→ **Data items**:
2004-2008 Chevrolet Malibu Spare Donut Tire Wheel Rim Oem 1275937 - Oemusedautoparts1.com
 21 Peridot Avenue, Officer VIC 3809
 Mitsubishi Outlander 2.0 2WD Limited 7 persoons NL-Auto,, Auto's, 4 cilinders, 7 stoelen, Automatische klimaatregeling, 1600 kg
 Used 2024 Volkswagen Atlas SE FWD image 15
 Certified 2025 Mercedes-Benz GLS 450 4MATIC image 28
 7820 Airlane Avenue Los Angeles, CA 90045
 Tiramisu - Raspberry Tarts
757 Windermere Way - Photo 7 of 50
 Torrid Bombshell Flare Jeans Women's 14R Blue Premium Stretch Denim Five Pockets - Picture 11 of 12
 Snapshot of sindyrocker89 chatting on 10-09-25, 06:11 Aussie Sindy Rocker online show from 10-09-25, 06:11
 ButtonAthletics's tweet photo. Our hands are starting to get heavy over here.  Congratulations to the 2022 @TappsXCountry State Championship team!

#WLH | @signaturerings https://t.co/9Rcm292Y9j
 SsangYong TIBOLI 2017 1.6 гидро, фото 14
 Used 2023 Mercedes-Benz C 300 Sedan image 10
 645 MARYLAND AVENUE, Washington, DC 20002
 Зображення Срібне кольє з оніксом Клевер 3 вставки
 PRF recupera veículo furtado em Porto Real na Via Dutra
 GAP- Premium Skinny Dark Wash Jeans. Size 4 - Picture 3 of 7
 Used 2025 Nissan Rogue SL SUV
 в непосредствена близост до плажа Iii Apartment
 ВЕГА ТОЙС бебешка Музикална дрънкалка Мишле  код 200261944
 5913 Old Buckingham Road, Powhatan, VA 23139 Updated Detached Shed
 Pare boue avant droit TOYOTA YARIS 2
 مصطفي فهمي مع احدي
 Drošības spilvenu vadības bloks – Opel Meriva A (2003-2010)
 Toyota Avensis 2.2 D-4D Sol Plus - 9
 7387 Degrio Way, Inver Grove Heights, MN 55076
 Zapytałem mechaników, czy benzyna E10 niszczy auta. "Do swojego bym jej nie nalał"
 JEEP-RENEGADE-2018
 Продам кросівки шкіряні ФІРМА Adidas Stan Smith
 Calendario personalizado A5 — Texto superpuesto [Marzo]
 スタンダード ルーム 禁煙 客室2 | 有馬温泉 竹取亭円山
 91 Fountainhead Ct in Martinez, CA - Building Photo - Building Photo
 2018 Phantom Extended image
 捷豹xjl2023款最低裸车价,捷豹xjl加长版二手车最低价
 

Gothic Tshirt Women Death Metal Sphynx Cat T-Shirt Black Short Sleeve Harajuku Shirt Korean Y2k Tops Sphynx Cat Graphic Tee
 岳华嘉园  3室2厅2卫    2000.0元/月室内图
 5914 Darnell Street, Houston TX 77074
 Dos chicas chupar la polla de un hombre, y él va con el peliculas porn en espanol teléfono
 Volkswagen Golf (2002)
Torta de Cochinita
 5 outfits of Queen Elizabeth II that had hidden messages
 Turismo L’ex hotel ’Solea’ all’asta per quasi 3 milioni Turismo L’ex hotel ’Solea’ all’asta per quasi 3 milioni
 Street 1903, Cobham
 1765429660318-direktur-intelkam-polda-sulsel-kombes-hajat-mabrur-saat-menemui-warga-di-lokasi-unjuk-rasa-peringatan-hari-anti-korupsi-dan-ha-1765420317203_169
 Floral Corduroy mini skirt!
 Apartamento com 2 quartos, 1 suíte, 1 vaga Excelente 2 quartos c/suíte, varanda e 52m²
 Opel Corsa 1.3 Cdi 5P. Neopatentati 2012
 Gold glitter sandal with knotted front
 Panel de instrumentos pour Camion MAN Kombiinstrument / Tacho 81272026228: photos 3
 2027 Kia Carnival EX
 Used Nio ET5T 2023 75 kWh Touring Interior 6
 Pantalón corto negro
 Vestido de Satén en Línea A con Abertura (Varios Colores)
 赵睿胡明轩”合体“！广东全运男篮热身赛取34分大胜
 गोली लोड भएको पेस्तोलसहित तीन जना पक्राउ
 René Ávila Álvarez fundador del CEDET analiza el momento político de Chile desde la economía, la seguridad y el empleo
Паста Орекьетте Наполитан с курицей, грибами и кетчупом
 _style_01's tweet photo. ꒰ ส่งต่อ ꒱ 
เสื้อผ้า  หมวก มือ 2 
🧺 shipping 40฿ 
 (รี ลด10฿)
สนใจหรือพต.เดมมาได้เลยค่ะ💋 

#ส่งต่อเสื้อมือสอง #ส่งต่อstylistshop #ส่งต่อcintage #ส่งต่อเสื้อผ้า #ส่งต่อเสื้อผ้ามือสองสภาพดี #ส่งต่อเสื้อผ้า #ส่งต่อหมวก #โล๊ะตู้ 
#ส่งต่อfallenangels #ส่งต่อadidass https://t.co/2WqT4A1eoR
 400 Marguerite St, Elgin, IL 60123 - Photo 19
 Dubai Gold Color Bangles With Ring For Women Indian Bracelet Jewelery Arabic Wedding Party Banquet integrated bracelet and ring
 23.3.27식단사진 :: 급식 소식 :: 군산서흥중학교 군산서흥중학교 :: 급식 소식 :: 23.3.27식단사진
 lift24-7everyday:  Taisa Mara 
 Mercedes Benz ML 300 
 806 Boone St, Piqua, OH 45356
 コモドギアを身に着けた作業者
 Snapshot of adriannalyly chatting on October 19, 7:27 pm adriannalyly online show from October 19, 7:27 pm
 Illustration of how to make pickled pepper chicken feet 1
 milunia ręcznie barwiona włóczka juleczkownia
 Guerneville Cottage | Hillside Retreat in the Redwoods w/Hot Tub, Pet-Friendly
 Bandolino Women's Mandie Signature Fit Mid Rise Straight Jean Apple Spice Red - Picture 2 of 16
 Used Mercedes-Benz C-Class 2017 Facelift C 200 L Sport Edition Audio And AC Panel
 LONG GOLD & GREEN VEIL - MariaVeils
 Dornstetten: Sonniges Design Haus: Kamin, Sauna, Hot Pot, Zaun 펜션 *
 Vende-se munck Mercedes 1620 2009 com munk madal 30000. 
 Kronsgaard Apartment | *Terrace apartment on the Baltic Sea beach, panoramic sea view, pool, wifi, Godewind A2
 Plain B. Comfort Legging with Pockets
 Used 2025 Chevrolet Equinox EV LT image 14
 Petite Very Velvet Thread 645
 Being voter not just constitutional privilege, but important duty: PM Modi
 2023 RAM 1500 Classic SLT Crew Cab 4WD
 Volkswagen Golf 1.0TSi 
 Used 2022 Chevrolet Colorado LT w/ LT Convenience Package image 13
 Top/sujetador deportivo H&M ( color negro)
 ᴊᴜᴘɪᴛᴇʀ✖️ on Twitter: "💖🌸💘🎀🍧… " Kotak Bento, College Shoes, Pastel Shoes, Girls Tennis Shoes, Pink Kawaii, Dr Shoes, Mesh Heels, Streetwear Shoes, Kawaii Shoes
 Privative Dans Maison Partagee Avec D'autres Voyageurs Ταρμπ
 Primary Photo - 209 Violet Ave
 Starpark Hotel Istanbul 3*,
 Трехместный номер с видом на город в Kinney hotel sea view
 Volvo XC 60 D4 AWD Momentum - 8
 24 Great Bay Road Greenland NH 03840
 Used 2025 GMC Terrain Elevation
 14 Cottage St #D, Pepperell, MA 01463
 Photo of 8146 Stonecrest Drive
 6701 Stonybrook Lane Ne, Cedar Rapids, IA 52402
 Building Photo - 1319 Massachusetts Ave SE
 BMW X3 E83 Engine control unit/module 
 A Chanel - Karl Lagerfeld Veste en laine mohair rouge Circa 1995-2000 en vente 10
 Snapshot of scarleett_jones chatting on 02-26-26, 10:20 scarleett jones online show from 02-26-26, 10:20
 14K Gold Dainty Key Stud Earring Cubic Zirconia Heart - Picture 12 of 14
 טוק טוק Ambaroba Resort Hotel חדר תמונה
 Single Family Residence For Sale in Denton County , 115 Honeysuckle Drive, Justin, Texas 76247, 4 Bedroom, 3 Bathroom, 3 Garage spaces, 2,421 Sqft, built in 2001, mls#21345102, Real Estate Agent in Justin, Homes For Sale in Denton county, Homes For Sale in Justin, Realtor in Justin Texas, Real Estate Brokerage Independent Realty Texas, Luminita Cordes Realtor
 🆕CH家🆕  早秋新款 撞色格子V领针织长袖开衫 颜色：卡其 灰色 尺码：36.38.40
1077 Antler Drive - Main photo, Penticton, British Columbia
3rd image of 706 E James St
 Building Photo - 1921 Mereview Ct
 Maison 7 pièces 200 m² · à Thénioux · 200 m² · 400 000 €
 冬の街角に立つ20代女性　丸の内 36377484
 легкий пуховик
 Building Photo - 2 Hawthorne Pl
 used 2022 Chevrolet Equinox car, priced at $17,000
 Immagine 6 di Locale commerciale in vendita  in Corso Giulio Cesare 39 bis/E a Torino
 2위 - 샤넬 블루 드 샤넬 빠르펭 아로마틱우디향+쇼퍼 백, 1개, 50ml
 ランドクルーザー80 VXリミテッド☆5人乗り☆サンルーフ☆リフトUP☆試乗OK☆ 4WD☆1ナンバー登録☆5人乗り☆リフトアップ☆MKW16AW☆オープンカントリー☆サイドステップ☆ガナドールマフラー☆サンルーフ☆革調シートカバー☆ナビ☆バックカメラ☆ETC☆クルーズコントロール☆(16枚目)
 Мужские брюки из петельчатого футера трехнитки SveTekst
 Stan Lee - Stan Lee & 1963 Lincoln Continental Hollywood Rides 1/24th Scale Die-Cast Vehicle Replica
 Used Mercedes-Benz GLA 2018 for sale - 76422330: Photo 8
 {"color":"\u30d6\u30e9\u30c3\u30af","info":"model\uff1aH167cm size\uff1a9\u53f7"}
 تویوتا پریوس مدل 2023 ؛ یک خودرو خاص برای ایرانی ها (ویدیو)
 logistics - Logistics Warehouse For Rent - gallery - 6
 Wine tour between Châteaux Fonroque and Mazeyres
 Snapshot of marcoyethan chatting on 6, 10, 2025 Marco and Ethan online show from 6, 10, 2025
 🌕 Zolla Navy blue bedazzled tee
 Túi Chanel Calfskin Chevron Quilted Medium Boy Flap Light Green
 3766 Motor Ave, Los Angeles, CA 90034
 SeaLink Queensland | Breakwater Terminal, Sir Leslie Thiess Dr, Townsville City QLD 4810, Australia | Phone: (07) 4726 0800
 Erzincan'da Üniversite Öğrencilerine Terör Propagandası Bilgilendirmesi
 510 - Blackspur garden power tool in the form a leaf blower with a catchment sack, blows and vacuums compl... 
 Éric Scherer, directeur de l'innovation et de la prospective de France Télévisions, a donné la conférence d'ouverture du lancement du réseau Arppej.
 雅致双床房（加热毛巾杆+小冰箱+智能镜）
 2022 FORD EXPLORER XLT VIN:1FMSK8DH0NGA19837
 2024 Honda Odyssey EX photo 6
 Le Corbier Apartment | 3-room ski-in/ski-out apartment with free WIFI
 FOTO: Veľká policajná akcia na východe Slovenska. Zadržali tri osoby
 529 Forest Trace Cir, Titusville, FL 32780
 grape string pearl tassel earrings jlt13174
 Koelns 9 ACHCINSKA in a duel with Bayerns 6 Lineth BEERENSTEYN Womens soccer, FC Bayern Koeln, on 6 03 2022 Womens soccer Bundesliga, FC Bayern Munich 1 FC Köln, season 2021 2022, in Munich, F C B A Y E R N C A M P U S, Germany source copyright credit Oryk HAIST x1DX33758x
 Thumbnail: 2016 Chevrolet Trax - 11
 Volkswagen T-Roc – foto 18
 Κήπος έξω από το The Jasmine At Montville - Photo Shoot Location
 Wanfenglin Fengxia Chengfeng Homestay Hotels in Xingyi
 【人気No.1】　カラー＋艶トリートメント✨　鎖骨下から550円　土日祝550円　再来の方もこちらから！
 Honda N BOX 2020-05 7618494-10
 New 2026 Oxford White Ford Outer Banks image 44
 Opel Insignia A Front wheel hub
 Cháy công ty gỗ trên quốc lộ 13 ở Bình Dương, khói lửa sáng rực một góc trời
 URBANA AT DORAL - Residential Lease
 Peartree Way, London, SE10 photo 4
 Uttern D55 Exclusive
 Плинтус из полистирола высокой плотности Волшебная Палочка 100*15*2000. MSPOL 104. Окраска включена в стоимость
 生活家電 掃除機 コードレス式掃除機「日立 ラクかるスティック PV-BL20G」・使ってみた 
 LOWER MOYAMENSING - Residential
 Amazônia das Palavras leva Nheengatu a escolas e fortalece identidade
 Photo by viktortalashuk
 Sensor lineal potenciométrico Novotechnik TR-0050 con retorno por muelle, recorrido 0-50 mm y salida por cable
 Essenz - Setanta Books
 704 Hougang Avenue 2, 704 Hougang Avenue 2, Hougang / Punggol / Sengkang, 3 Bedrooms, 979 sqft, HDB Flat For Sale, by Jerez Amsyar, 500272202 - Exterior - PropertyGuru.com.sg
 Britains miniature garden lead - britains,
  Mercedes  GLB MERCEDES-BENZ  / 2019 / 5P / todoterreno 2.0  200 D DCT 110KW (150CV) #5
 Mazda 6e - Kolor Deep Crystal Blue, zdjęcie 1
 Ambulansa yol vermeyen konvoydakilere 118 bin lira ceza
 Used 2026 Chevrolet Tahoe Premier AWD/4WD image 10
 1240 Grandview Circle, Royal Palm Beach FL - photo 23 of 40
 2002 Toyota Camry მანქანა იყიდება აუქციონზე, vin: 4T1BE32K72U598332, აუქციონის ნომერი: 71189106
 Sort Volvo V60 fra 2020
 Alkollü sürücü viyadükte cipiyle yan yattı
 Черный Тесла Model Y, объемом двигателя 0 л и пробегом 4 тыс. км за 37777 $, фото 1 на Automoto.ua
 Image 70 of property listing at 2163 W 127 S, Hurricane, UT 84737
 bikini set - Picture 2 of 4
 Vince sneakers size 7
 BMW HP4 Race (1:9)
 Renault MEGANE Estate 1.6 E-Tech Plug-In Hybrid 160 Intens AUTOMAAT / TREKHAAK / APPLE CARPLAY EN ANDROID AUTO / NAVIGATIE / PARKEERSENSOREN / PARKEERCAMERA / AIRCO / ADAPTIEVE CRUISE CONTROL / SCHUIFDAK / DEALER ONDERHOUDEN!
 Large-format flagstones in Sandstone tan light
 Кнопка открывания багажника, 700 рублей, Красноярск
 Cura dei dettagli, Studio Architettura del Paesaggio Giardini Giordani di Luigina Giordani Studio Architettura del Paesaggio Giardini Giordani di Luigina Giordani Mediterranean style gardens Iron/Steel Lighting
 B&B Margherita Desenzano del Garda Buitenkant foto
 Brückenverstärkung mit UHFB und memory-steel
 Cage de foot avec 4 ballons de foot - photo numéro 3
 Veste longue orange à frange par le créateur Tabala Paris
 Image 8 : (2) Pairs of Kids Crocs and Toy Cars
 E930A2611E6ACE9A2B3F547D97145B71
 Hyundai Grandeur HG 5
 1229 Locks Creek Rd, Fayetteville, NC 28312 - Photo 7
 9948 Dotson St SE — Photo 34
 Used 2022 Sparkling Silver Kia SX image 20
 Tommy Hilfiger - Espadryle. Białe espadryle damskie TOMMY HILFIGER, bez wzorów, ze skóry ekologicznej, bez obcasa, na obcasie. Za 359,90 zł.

→ **What you will do**: All lines above from the one containing "3rd image of 706 E James St" to the one containing "510 - Blackspur" must be repeated exactly, both lines included, and no others.

→ **Answer for the task**:
3rd image of 706 E James St
 Building Photo - 1921 Mereview Ct
 Maison 7 pièces 200 m² · à Thénioux · 200 m² · 400 000 €
 冬の街角に立つ20代女性　丸の内 36377484
 легкий пуховик
 Building Photo - 2 Hawthorne Pl
 used 2022 Chevrolet Equinox car, priced at $17,000
 Immagine 6 di Locale commerciale in vendita  in Corso Giulio Cesare 39 bis/E a Torino
 2위 - 샤넬 블루 드 샤넬 빠르펭 아로마틱우디향+쇼퍼 백, 1개, 50ml
 ランドクルーザー80 VXリミテッド☆5人乗り☆サンルーフ☆リフトUP☆試乗OK☆ 4WD☆1ナンバー登録☆5人乗り☆リフトアップ☆MKW16AW☆オープンカントリー☆サイドステップ☆ガナドールマフラー☆サンルーフ☆革調シートカバー☆ナビ☆バックカメラ☆ETC☆クルーズコントロール☆(16枚目)
 Мужские брюки из петельчатого футера трехнитки SveTekst
 Stan Lee - Stan Lee & 1963 Lincoln Continental Hollywood Rides 1/24th Scale Die-Cast Vehicle Replica
 Used Mercedes-Benz GLA 2018 for sale - 76422330: Photo 8
 {"color":"\u30d6\u30e9\u30c3\u30af","info":"model\uff1aH167cm size\uff1a9\u53f7"}
 تویوتا پریوس مدل 2023 ؛ یک خودرو خاص برای ایرانی ها (ویدیو)
 logistics - Logistics Warehouse For Rent - gallery - 6
 Wine tour between Châteaux Fonroque and Mazeyres
 Snapshot of marcoyethan chatting on 6, 10, 2025 Marco and Ethan online show from 6, 10, 2025
 🌕 Zolla Navy blue bedazzled tee
 Túi Chanel Calfskin Chevron Quilted Medium Boy Flap Light Green
 3766 Motor Ave, Los Angeles, CA 90034
 SeaLink Queensland | Breakwater Terminal, Sir Leslie Thiess Dr, Townsville City QLD 4810, Australia | Phone: (07) 4726 0800
 Erzincan'da Üniversite Öğrencilerine Terör Propagandası Bilgilendirmesi
 510 - Blackspur garden power tool in the form a leaf blower with a catchment sack, blows and vacuums compl... 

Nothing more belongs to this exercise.